The Kwanzaa holiday is based on seven core principles. Elmsford residents will celebrate the first principle, unity, on Wednesday night.
The Kwanzaa holiday is based on seven core principles. Elmsford residents will celebrate the first principle, unity, on Wednesday night. Photo Credit: Flickr user soulchristmas

ELMSFORD, N.Y. — Christmas and Hanukkah have come and gone, but some Elmsford residents are getting ready to start their holiday season Wednesday night.

The village of Elmsford is holding its first-ever Kwanzaa celebration at 7 p.m., Wednesday, at the Community Senior Center, 10 N. Stone Ave., to celebrate the first day of the week-long holiday.

Wayne Bass, the event's coordinator and former North Elmsford Civic Association president, said he's been wanting to put together a formal community celebration for several years now and approached Mayor Robert Williams in November with his idea.

"My goal is to get everybody into the room and really just create a fellowship to talk to one another and enjoy the celebration," Bass said. "This is something that I had in my mind for years, and I basically just woke up the day after Thanksgiving and I felt the community could really use a celebration like Kwanzaa."

Kwanzaa honors the African heritage with food and gifts, and each day represents the holiday's seven core principles, called Nguzo Saba, Bass said.
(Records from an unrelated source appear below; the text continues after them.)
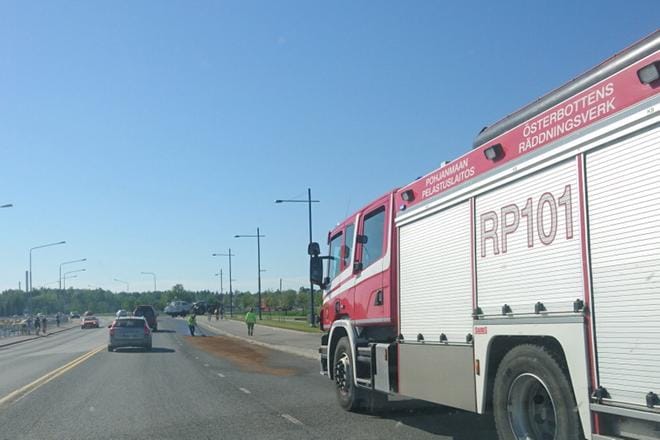 Pelastusyksiköt ohjasivat liikennettä sillalla, kun öljyä putsattiin pois.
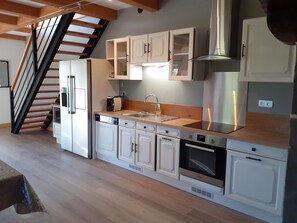 Réfrigérateur, four à micro-ondes, un four, surface de cuisson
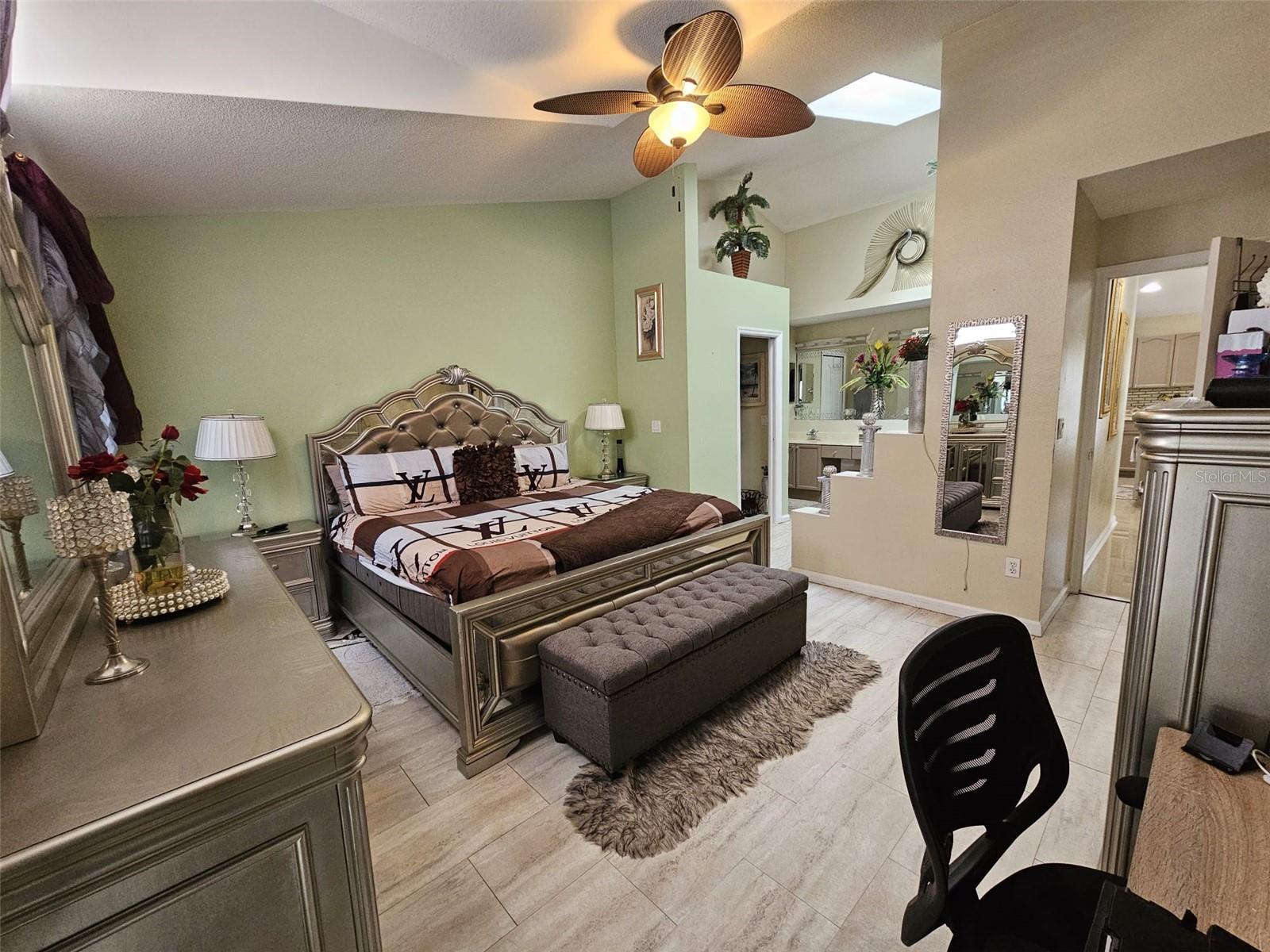 Image 14 of 30 For 15601 Autumn Glen Avenue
Wednesday marks the first principle called umoja, which means unity.

Umoja observance will also include poetry readings, recitals and African dancing and drumming by the Roots and Rhythm, Bass said. Longtime Elmsford residents William Tibbs and Clyde Mosely will contribute a reflection of their lives in Elmsford since their childhood, as per umoja tradition, Bass added.

Brother Robert Winstead will lead attendants in the formal Kwanzaa ceremony of lighting the kinara.

Bass, who has always lived in Elmsford, said he misses the camaraderie he once felt living in the village as a child. He hopes the first annual Kwanzaa event will be a way to reunite the community.

"With all the technology and kids staying indoors, we don't have as much a part in recreational programs as we used to," he said. "I thought it was something we should introduce to our children, so that when they get older they'll see the need to pass it on to their children as well."